FlexGunship said:
If you don't know what you're doing... buy an index and buy it as an ETF. ETFs are a beginner's best friend. These are exchange traded funds, which are like mutual funds, but with lower management costs and no minimum cost of entry. They allow you to enter an entire market without buying a little bit of everything.
Many people who do know what they're doing, stick to index funds, either as normal open-end funds from providers such as Vanguard, Fidelity, Schwab and T. Rowe Price, or as ETFs in a brokerage account.
Individual stocks have a lot of risk. To reduce that risk, you can diversify by buying stocks of a lot of different companies. But then how do you pick the right ones? You can turn the job over to the manager(s) of an actively-managed mutual fund, and hope they do a good job.
It turns out that most actively-managed mutual funds don't do any better than the market as a whole. The ones that do better, change from year to year. It's easy to see which funds have done well in the past, but much harder to see which ones will do better in the future.
You pay a price for active management. With a "no-load" fund, and a large enough balance at a mutual-fund provider, you don't pay any fees explicitly.

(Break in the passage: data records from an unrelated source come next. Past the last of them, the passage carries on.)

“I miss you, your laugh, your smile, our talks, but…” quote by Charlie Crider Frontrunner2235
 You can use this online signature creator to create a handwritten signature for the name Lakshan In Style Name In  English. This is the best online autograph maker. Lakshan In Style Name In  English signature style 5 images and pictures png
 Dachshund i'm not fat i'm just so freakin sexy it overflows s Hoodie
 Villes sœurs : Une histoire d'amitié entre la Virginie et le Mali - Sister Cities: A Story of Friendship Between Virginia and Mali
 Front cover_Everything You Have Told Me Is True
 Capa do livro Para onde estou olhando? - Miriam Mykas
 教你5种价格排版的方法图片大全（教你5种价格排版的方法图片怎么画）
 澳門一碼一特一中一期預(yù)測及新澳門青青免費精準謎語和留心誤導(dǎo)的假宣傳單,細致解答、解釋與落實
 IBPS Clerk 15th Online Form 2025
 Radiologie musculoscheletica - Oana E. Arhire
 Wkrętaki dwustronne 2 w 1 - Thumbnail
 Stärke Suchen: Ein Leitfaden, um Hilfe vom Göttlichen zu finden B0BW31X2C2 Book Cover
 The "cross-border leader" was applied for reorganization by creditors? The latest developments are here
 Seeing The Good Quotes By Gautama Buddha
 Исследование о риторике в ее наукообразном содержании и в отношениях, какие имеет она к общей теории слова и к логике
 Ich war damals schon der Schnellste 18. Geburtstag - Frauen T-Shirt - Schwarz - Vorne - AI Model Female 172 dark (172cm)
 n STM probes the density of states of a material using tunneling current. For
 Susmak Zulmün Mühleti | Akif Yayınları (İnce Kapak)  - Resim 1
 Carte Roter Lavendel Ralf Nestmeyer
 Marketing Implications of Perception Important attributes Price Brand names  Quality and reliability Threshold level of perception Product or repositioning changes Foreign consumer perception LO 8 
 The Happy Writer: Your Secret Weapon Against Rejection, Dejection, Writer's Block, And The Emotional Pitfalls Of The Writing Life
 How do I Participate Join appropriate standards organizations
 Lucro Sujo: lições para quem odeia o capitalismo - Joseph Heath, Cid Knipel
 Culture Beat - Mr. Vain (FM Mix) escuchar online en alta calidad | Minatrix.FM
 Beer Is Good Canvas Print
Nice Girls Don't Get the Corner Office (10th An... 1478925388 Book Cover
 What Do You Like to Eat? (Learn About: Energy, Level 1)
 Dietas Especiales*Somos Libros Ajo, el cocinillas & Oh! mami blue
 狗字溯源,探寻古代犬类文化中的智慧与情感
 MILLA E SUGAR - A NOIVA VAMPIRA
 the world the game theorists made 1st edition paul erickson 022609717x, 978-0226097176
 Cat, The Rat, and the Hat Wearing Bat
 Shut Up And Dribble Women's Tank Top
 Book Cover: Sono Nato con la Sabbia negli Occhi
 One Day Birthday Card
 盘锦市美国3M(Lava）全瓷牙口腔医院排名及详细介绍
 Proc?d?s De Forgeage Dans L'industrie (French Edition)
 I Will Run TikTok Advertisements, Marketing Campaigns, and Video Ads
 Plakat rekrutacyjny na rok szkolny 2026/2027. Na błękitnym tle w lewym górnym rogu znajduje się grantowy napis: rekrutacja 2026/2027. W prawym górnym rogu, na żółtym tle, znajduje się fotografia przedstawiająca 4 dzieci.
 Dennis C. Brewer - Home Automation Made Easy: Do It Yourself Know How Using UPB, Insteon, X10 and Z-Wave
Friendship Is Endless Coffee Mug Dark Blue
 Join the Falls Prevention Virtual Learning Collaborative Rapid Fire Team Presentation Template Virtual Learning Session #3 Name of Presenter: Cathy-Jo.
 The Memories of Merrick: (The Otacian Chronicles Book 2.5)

Nevertheless, the costs are still there. They simply reduce the price per share by an amount called the "expense ratio" (ER). All mutual funds have to publish it. For actively managed funds, the lowest ERs are about 0.3% to 0.5% per year. Some are 1% or even higher.
Index funds are mostly managed by computers, so they have lower ERs, even below 0.1%. This makes it even more difficult for actively managed funds to come out ahead in the long run.
I now have all of my retirement funds that aren't in my tax-deferred plan at work, in index funds similar to what Flex has: some in "total stock market" funds (more broadly based than the S&P 500), some in "total international stock" funds (non-US companies), and some in "total bond market" funds. I'll never do better than the overall market, but I won't do any worse, either.
I happen to have a T. Rowe Price account with some of their mutual funds, plus a couple of Vanguard ETFs in a brokerage account at TRP. I picked TRP mainly because my father used to use them for his investments, but now that I've learned more over the past few years, if I were starting over I'd go with Vanguard because their costs are lower overall, and that's what I'd recommend for someone new.